Break Free of the Template: Incident Writeups They Want to Read
Date | Wednesday, 26 October, 2022 - 11:00–11:40 |
Presenter | Laura Nolan, Stanza |
URL | https://www.usenix.org/conference/srecon22emea/presentation/nolan-break |
Abstract
Most of us write incident reviews (IRs) or postmortems occasionally. Unfortunately, many IRs are never read by anyone other than those involved in the incident, and therefore have limited benefit to an organisation.
However, IRs that are well-crafted can create learning that will last in your organisation for years (and maybe even beyond). This talk will give practical advice on how to write the most engaging and valuable IR possible.
Notes
- Value of written post-incident reports (especially compared to verbal or async review):
- Share knowledge and context, also across teams
- Helps org understand and adapt
- Encourages thoughtful reflection
- Long-term store of knowledge
- Onboarding
- Reference to the Verica Open Incident Database
- Share knowledge industry wide
- Can help take sharp edges off SaaS services/tools
- Value of PIRs is in the learning, not the process
- Examples of good incident write-ups:
- https://hacks.mozilla.org/2022/02/retrospective-and-technical-details-on-the-recent-firefox-outage/
- https://about.gitlab.com/blog/2019/11/08/the-consul-outage-that-never-happened/
- https://blog.sentry.io/2015/07/23/transaction-id-wraparound-in-postgres/
- https://gocardless.com/blog/incident-review-service-outage-on-25-october-2020/
- https://f.hubspotusercontent30.net/hubfs/5193039/Engineering%20Retrospectives/Do%20You%20Remember%20the%2020%20Fires%20of%20September%20-%20November%202021.pdf
- Any engineer should be able to read any IR, so:
- Explain jargon/system names
- Explain why things are the way they are
- Weave (concise) explanations into the narrative, and/or link out to more detailed documentation if applicable
- Be visual: Use pictures, graphs, (architecture, topology, sequence, etc) diagrams, etc.
- Don’t skip the analysis
- If an IR is a story, the analysis is actually the moral of the story
- Analysis and lessons learned are satisfying to read
- Not mentioned, but personal note: And they teach others how to reason through similar events
- Craft
- Think of good and descriptive titles that people will remember
- Use simple and clear language (avoid jargon, use simple terms, proper structure, no walls of text, consistent tense, etc) - basically tech writing 101
- Don’t be too formal, nor too informal
- Avoid confusing or obscure cultural references or metaphors
To the question of “Should you always do this?”, “Is it okay to use a template sometimes?”, Laura answers you should (probably) only do this for incidents which warrant it. The ones that are really gnarly or interesting to learn from.

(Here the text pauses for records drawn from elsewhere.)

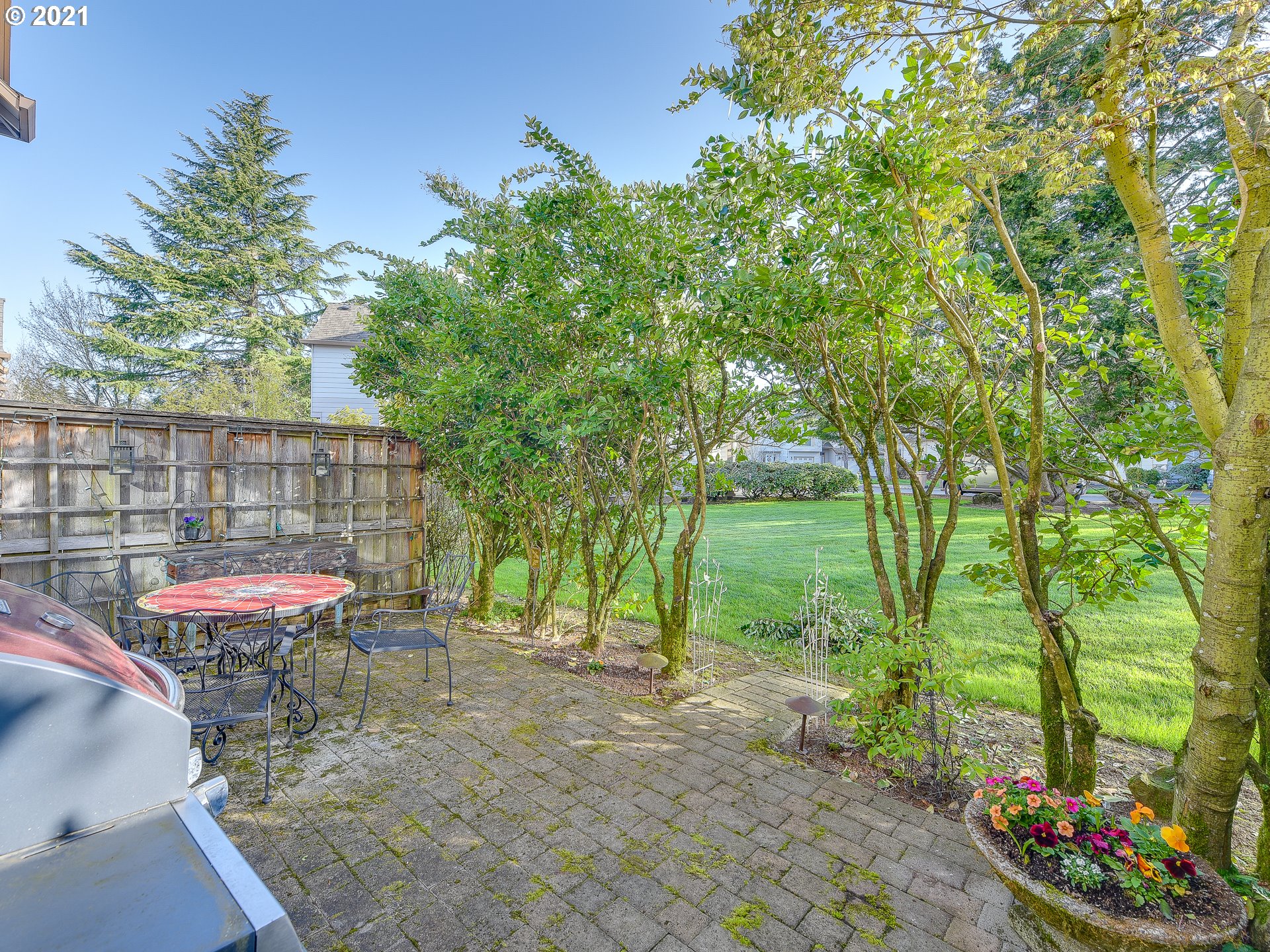 22036 Southwest Grahams Ferry Road, Unit C Tualatin, OR 97062 - Photo 25 of 28 Gallery Image 25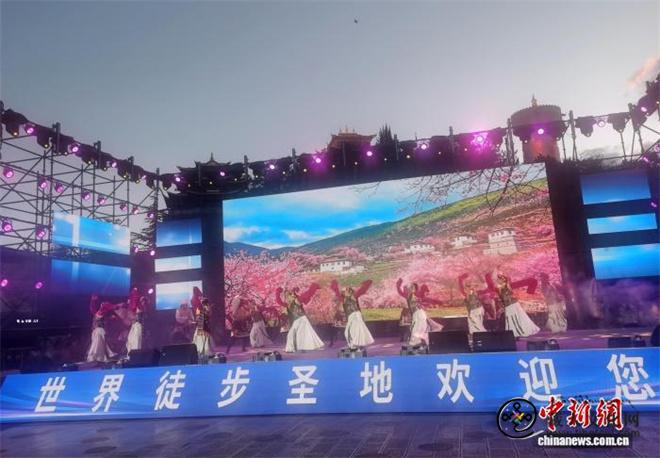 云南“大香格里拉”户外赛迪庆启幕 2000余人参赛3.jpg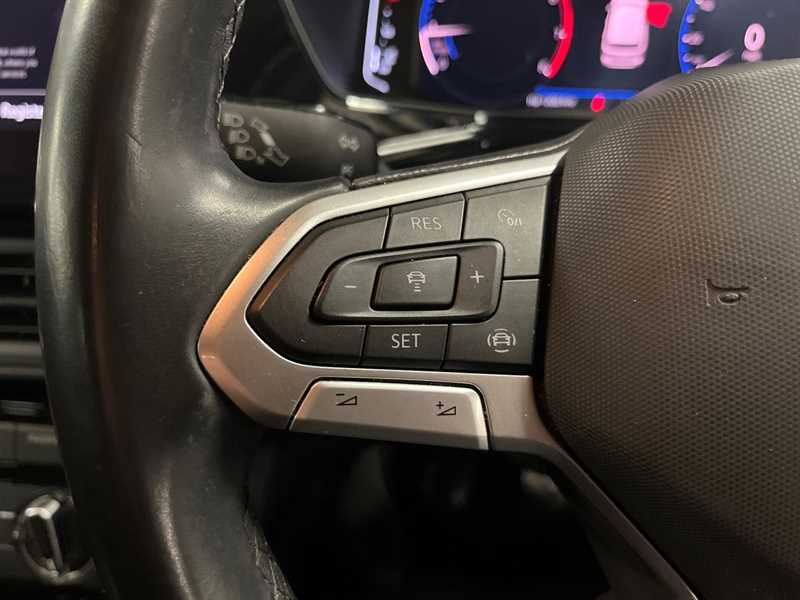 Used Volkswagen T-Cross 2023 for sale - 76272773: Photo 16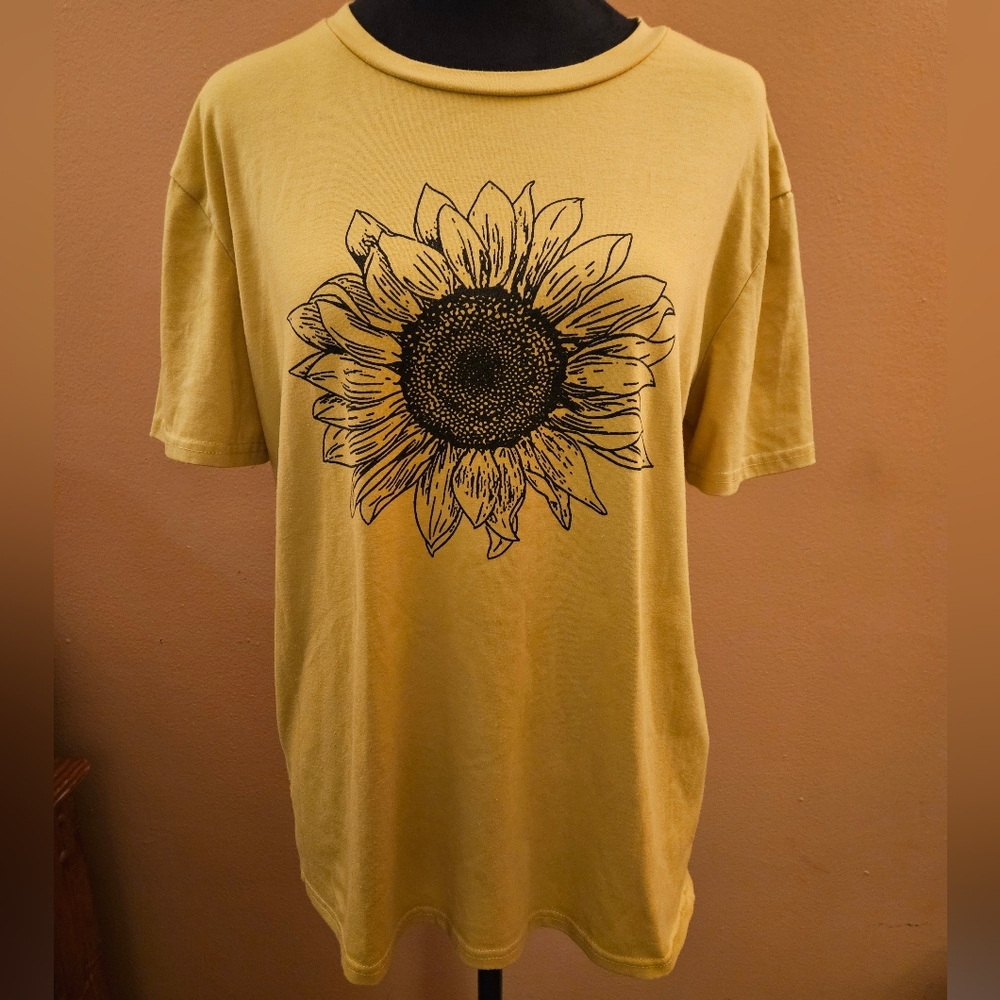 Sunflower Graphic T-Shirt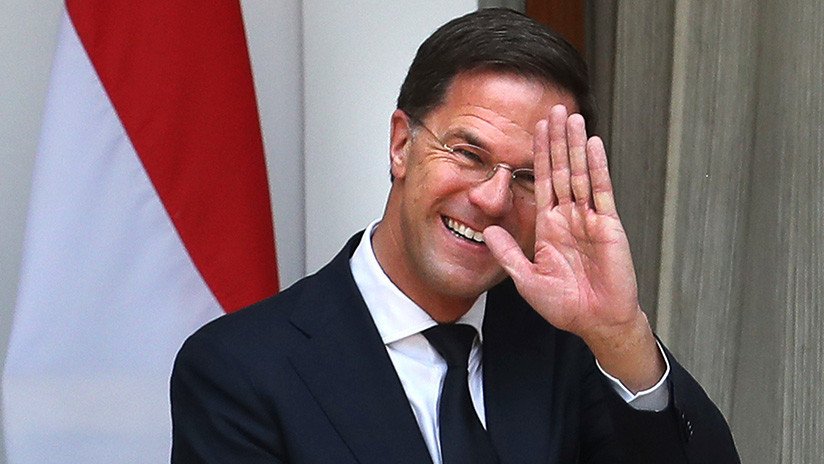 VIDEO: El 'premier' neerlandés vuelca su café en el Parlamento y asombra con lo que hace después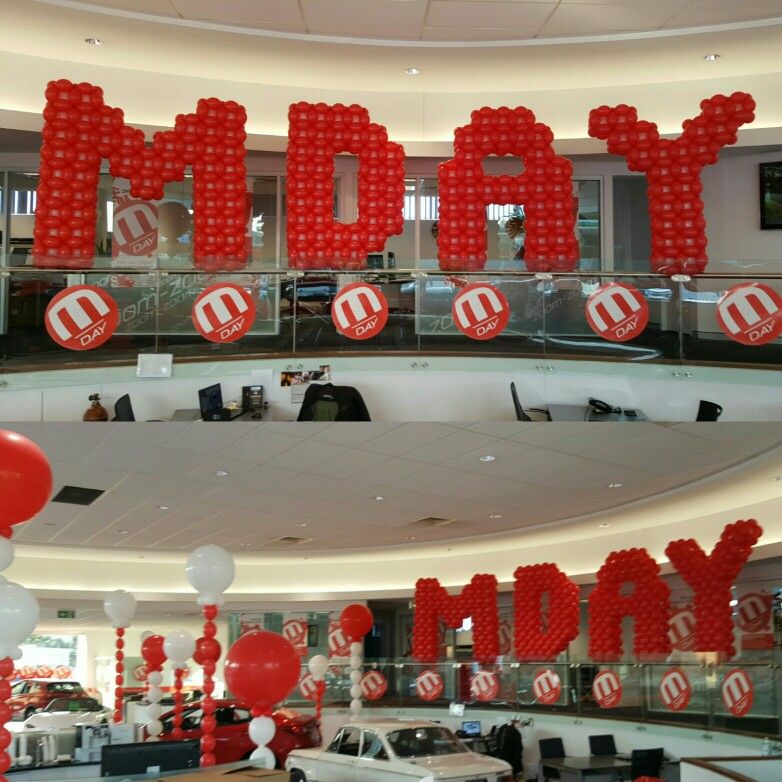 Finished installation: Mazda M-Day balloons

Some incidents are just repeats or cut-and-dry events which aren’t worth that level of effort. It’s perfectly okay to use a shorter form/template for those and to quickly get them over with.
Other insightful comments from Laura (from Slack):
I do advocate for reserving this kind of intensive effort for the most interesting and impactful writeups. It absolutely does take time and energy. And that does pay more dividends in larger orgs where you have
- more adjacent teams who might benefit from the context
- more new joiners who need to get up to speed on systems and org
We all have to make choices about where the best payoff for our time is, and context matters, absolutely. (edited)
I guess I see these kinds of writeups as a powerful form of organisational memory. I think most of us agree this has value, but then none of us have all the time we need to do all the things we want.